▸ **Task**:
All records below are to be duplicated exactly, with every picture excluded.

▸ **Data provided**:
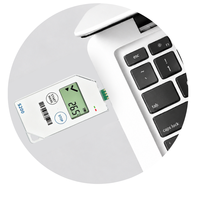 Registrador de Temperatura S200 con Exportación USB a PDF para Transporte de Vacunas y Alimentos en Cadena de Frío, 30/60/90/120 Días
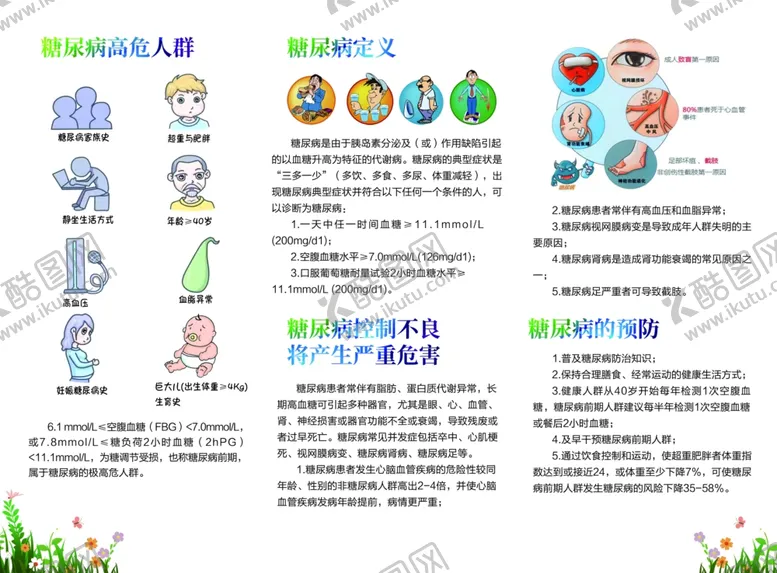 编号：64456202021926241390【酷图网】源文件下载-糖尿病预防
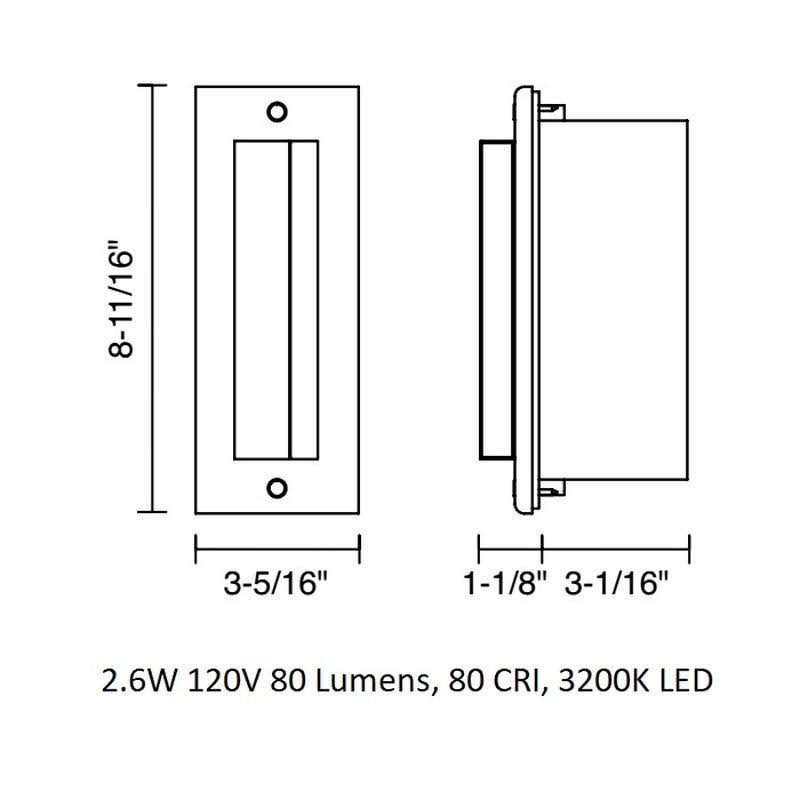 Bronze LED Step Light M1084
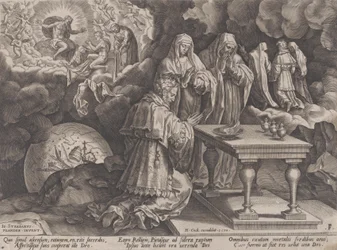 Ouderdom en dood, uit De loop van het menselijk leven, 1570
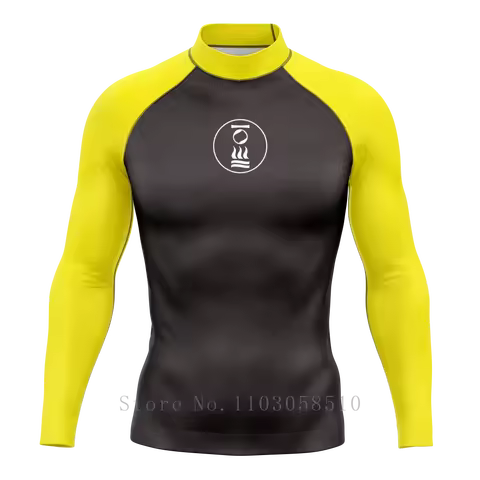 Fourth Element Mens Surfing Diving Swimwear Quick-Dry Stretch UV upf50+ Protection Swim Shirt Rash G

▸ **Finished task**:
 Registrador de Temperatura S200 con Exportación USB a PDF para Transporte de Vacunas y Alimentos en Cadena de Frío, 30/60/90/120 Días
 编号：64456202021926241390【酷图网】源文件下载-糖尿病预防
 Bronze LED Step Light M1084
 Ouderdom en dood, uit De loop van het menselijk leven, 1570
 Fourth Element Mens Surfing Diving Swimwear Quick-Dry Stretch UV upf50+ Protection Swim Shirt Rash G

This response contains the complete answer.